If we forget to create a name like original-somebranch, we must find the hash ID of old commit H. We have some time to do this: a Git repository will not discard an old commit, even if it's unfindable by ordinary means, for "some time". How long is that "some time"? Well, that depends on many things. Some hosting systems (e.g., GitHub) never discard old commits. Git by default sets three expiration times though: 14 days, 30 days, and 90 days. After one of these three times, old commits that can't be found by any name can go away.

You're safest, of course, if you make the new name first, before doing git rebase -i or whatever it is that you are doing. But most actions place a copy of a commit hash ID into another name, or a reflog entry, and here the 30 or 90 day default kicks in. To be safe we should just consider the shorter expiration: 30 days after we were able to find H, if we haven't bothered to create a name for it, Git may get around to removing it. Git's process for doing this is kind of lazy so it could stick around for many more months or years, but it has "become vulnerable" after the 30 day expiry of the reflog entry.

You can view reflog entries with git reflog, which is actually a front end that runs git log -g. See the documentation for git reflog for details. Note that in a sea of random-looking hash IDs and commit messages, it can be hard to tell one old commit from another. That's the other reason to make the name before you start working.

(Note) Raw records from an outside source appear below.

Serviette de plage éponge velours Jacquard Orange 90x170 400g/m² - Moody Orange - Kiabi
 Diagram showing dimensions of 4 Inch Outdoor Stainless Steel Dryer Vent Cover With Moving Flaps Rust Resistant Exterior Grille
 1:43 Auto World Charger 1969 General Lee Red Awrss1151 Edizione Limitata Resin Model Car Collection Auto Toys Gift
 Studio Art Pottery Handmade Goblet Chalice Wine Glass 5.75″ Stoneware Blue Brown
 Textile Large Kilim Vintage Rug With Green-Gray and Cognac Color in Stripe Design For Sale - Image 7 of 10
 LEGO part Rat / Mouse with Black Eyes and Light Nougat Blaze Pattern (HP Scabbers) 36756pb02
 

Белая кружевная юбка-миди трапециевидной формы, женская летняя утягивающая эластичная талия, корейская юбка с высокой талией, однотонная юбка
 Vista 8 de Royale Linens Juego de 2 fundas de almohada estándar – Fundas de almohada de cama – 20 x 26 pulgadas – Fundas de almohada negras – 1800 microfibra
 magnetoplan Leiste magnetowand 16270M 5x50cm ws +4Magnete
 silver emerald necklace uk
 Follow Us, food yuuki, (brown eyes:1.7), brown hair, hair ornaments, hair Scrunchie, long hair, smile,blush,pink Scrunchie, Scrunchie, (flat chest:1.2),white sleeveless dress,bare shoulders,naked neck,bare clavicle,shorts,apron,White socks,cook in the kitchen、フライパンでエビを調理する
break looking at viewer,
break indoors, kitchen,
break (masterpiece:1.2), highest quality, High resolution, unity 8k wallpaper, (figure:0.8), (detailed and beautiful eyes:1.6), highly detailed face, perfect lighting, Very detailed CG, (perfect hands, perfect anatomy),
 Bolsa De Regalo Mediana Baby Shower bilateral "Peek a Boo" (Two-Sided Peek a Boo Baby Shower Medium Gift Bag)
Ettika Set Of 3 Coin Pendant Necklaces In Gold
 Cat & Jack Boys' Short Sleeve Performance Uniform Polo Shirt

If a commit is removed via the "garbage collector" git gc, and you give Git its true name (hash ID), Git will say that it doesn't recognize that hash ID. The same thing happens if you just make up a hash ID—although if you "make up" a shortened one, there's a good chance that this is the valid prefix of some existing commit, so you want to make sure you remember the full hash ID. If you use a branch name (or tag name or other name) to hold the hash ID, that also stops git gc from removing it, since the commit is now find-able by some human-readable name. This also protects all commits "behind" (earlier than) this commit, since those too are find-able.